Arboviruses inflict a substantial global health burden on the human population. The re-emergence of Zika virus (ZIKV) in 2014–2015 in Brazil is evidence that previously identified pathogens can re-emerge to become significant health burdens on susceptible populations (Weaver et al., 2016). Other arboviruses, such as Usutu virus, Spondweni virus, and Mayaro virus (MAYV), continue to emerge (Pierson and Diamond, 2020). MAYV is a New World arthritogenic alphavirus with current autochthonous cycles of transmission in Central and South America (Diagne et al., 2020). Research on emerging arboviruses is needed to better understand transmission cycles that threaten human health.
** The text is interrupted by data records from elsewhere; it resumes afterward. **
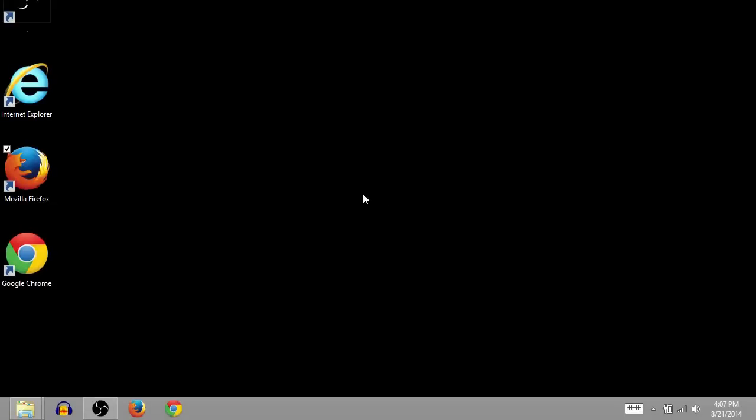This is TJ. In this video, I'll show you how to download and install the free drawing program Krita on your Windows computer.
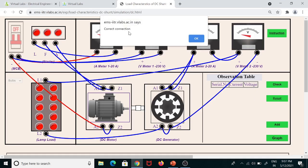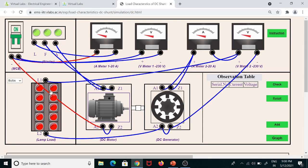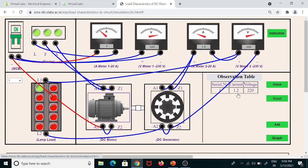Now we check whether the connections are correct by clicking the Check button. The display shows 'correct connection.' Click OK. The MCB is turned on, the motor starts rotating, and therefore the armature of the generator also starts rotating. There is no load connected across the generator because all lamps are off. We can now gradually load the generator in steps — at each step, note down the load current and terminal voltage. Switch on one lamp to increase the load on the generator.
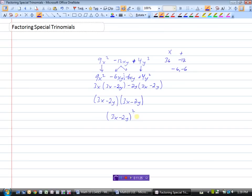So those are some of the special trinomials that we can factor. Really, when it comes to factoring them, it's procedures that we've already learned.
Mosquitoes inject saliva made up of a complex mixture containing pathogens, bioactive proteins, and small RNAs to facilitate blood-feeding and pathogen transmission (Arcà and Ribeiro, 2018; Maharaj et al., 2015). These bioactive molecules regulate hemostasis and modulate mammalian immune responses at the mosquito-host-pathogen interface (Huang et al., 2019; Pingen et al., 2017). The transmission interface has been investigated using in vitro tissue culture or animal infection models, but these systems do not fully represent the human skin tissue environment. Therefore, this study intends to model arbovirus infection in human skin ex vivo to investigate the immediate immunological events during transmission.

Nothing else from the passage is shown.